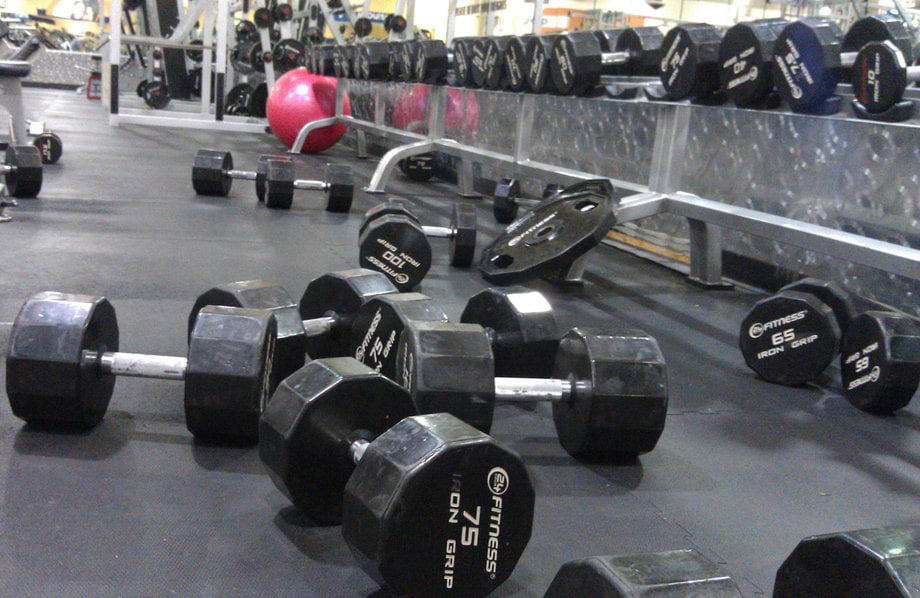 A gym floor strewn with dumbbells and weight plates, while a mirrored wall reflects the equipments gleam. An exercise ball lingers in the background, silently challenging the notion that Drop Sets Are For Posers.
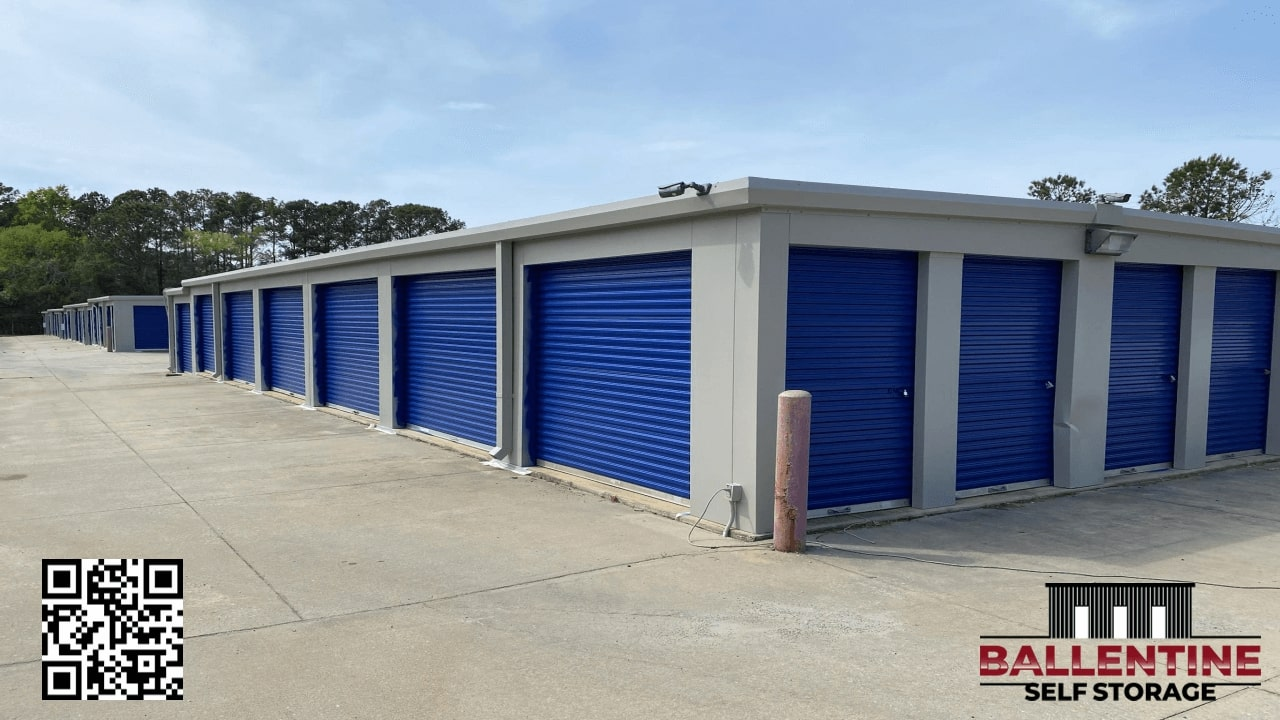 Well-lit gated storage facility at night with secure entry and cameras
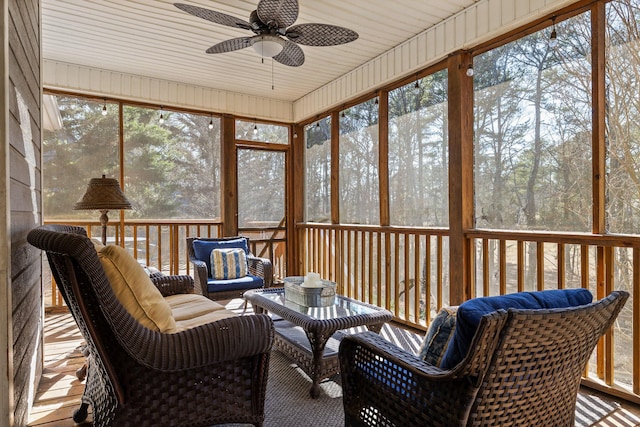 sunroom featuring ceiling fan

Task to complete: The material must be returned exactly, with its pictures omitted.

Result:
 A gym floor strewn with dumbbells and weight plates, while a mirrored wall reflects the equipments gleam. An exercise ball lingers in the background, silently challenging the notion that Drop Sets Are For Posers.
 Well-lit gated storage facility at night with secure entry and cameras
 sunroom featuring ceiling fan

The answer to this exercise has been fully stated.